Reputation: 33
I copied this out of a book. "The Ultimate Guide to Ruby Programming" Copyright (c) 2006-2016 Satish Talim http://satishtalim.com/
Please see the code and error message. Why am I getting this error?
I have checked my typing, re-entered the code, exited irb re-entered irb, re-entered the code, same result. What is my error?

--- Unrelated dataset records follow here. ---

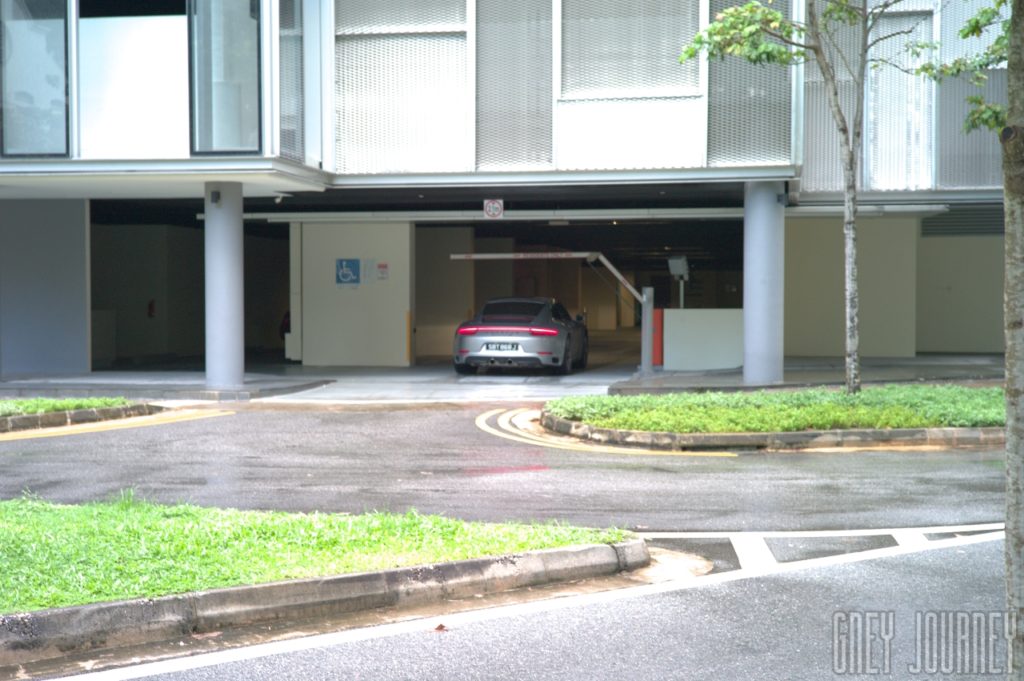 シンガポールで免許を取得-Gate to car park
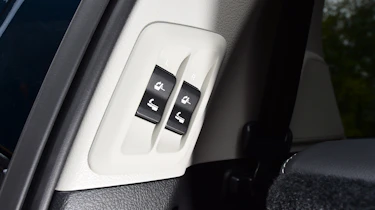 Toyota Land Cruiser - seat controls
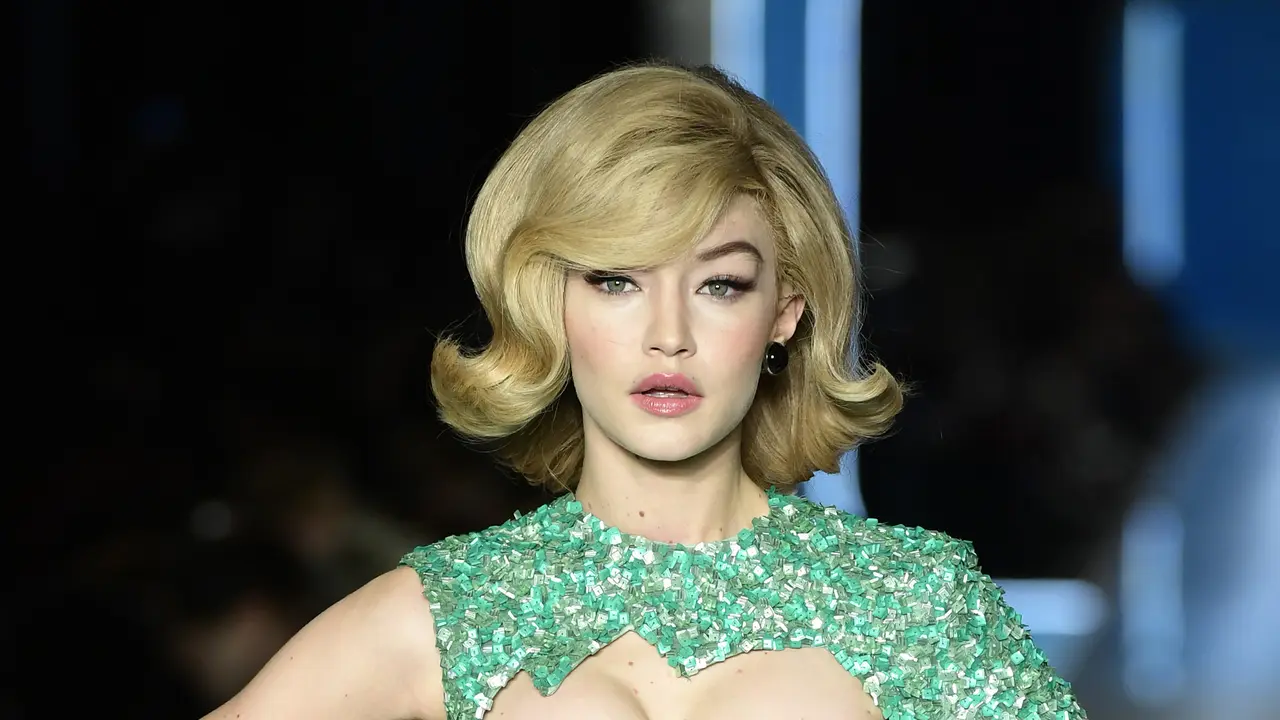 Gigi Hadid dan Bella Hadid di Milan Fashion Week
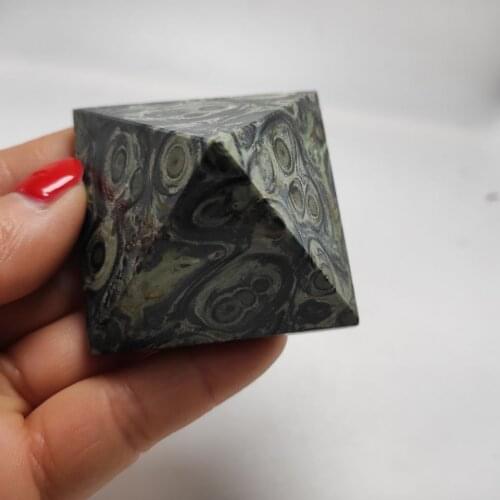 5cm Naturally beautiful quartz peacocks eye pyramid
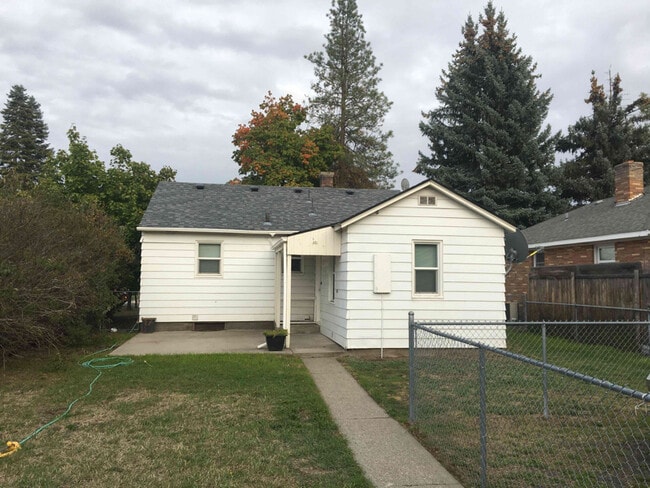 5317 N Wall St in Spokane, WA - Building Photo - Building Photo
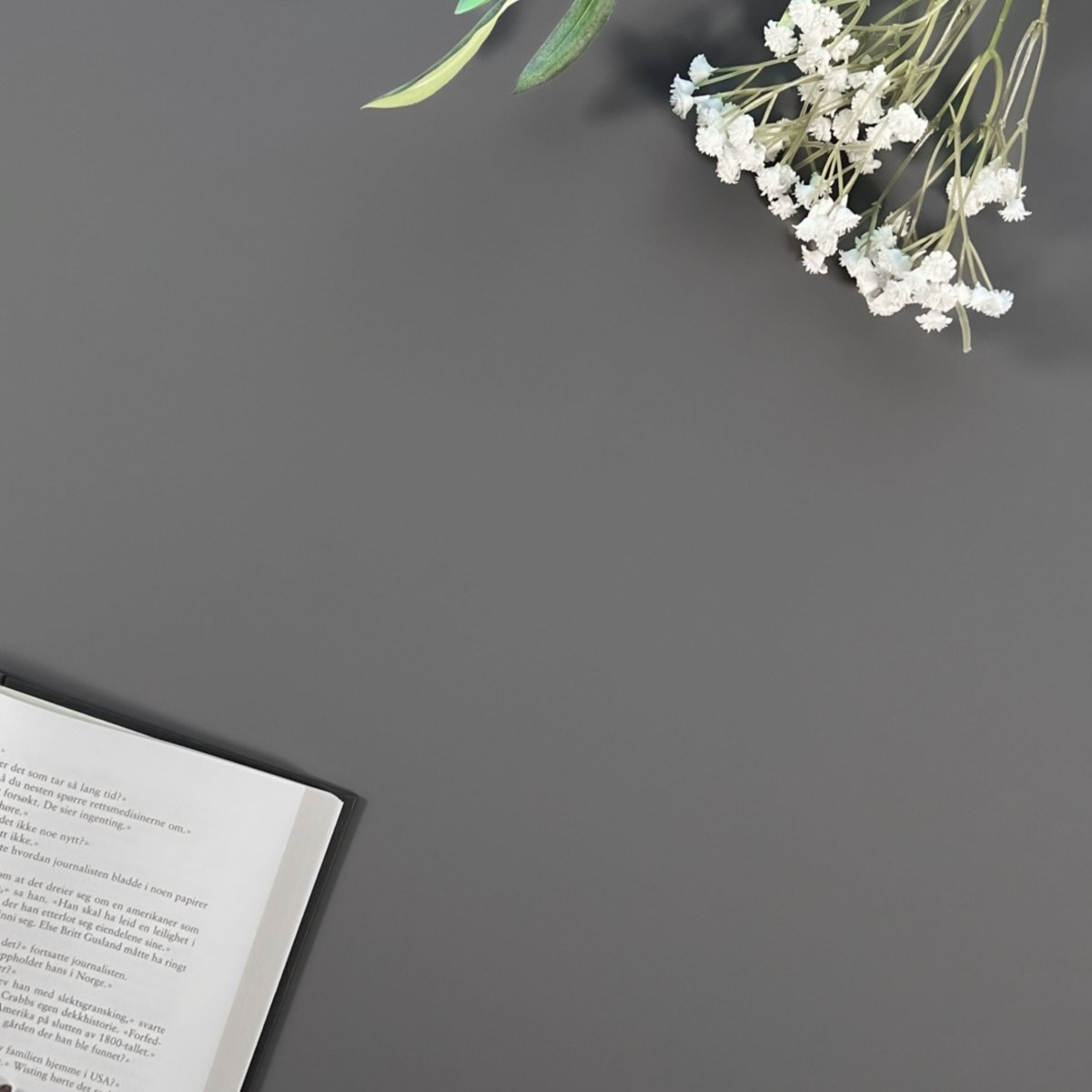 Charcoal grey supermatt kontaktplast 62 cm x 5 m - Lindas Dekor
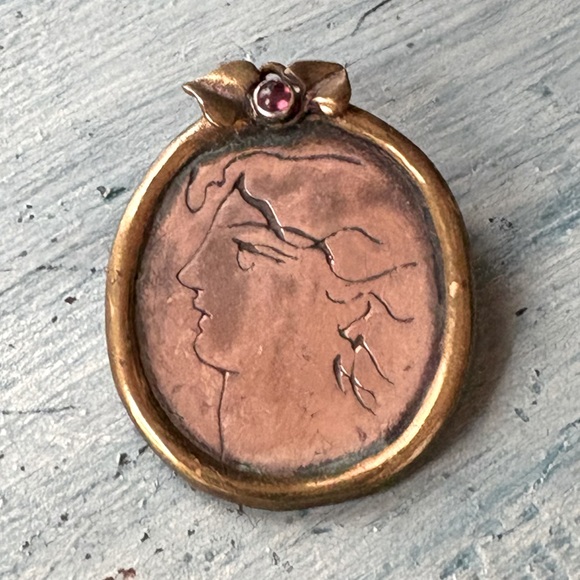 Santorini, Greece, artisan made etched silver pin with gold rim & red cabachon - Picture 4 of 13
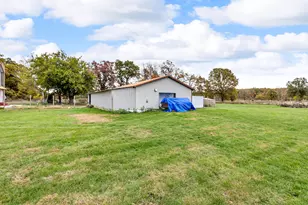 981 28 Mile Rd, Litchfield, MI 49252 - Photo 4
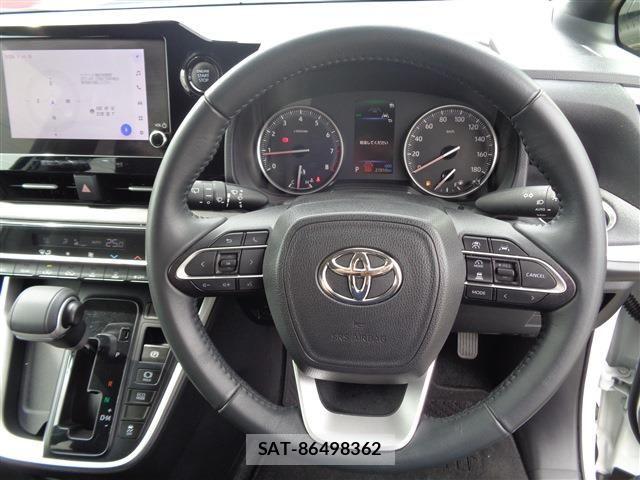 Toyota NOAH 2024-04 8037245-28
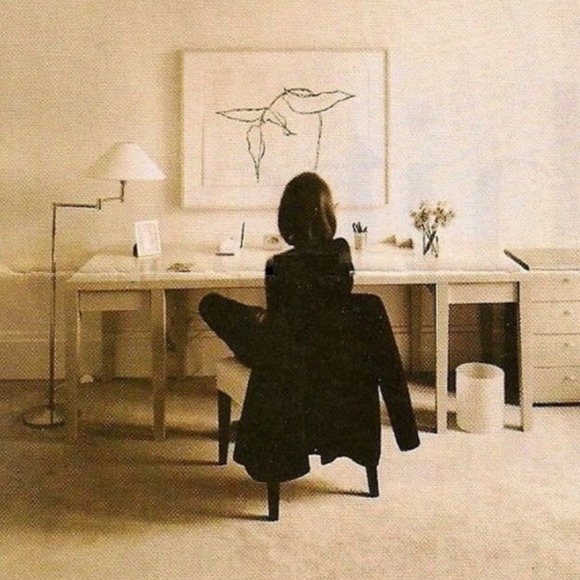 Meet your Posher, Alicia - Picture 1 of 1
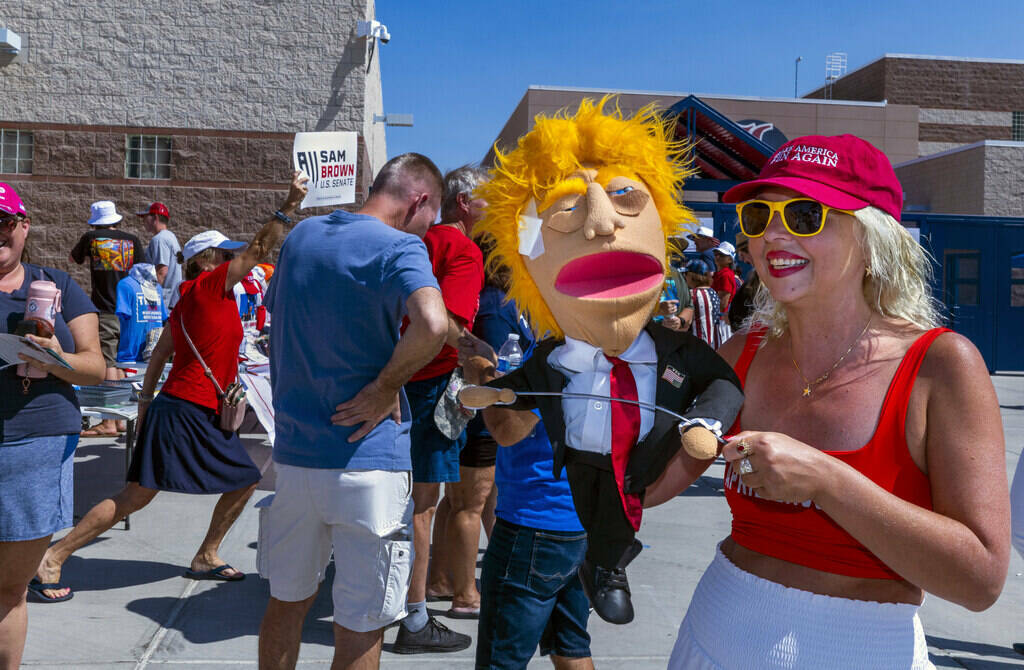 La ventrílocua April Brucker trabaja con el público con su personaje del expresidente Donald ...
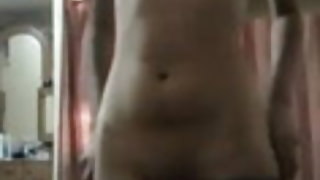 मेहमाननवाज़ आदमी होने सेक्स गर्म के जमे हुए पड़ोसी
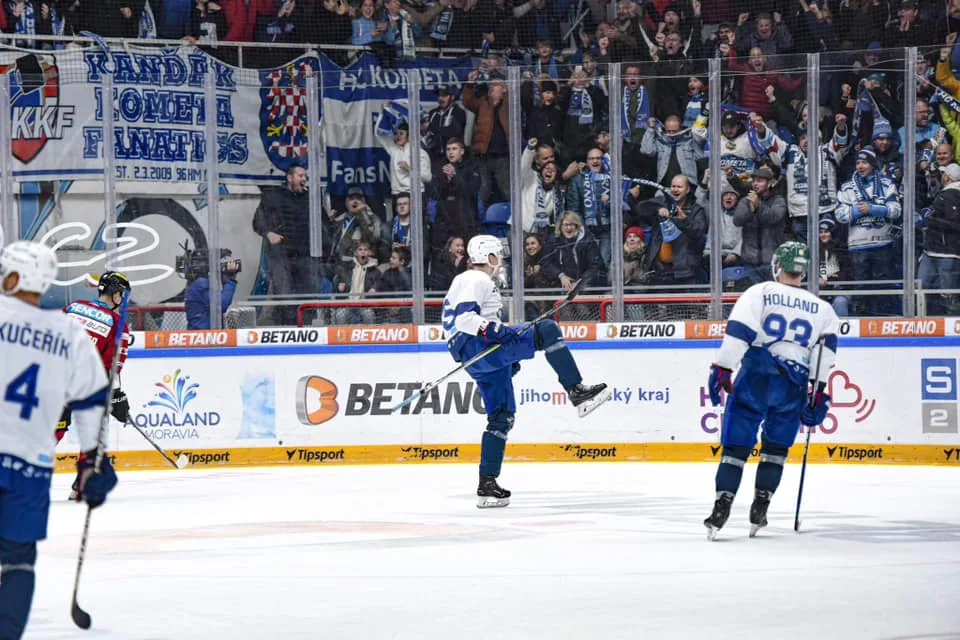 Kometa přetlačila Spartu v prodloužení. Rozhodl Cingel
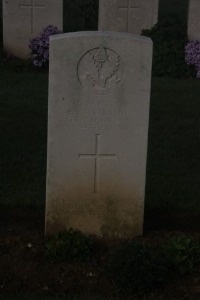 Aubigny Communal Cemetery Extension - Johnson, F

irb(main):001:0> 10.times do |num|
irb(main):002:1* square = num * num
irb(main):003:1> return num, square
irb(main):004:1> end
Traceback (most recent call last):
4: from C:/Ruby25-x64/bin/irb.cmd:19:in `<main>'
3: from (irb):1
2: from (irb):1:in `times'
1: from (irb):3:in `block in irb_binding'
LocalJumpError (unexpected return)
irb(main):005:0>
Upvotes: 0
Views: 187
Reputation: 1441
return
is used inside methods. You are using it without one.
Try the following:
def get_my_result
10.times do |num|
square=num*num
return num,square
end
end
get_my_result()
Note: With this code, the loop will execute only once and return the value [0, 0]
Upvotes: -2
Reputation: 211540
It's not clear where this is intended to be used, but you can't return
like that inside a loop.
The code is probably:
def squared
10.times do |num|
square = num * num
yield num, square
end
end
Where you'd call that somehow externally:
squared do |num, square|
puts "The square of #{num} is #{square}"
end
A simplified version of this code is:
def square(num)
return num * num
end
Where here return
is in a valid context. Ruby tends to avoid explicit return
statements unless it's intentional to avoid running the remainder of the method, as in:
def square(num)
if (num > 1000)
return "That number is way too big!"
end
num * num
end
Here the last statement to run (num * num
) is the implicit return value of the method. Many blocks work this way, even if
, where in Ruby if
statements return values:
choice = if (num > 10)
"big"
else
"small"
end
Where choice
ends up being either of those two strings depending on conditions.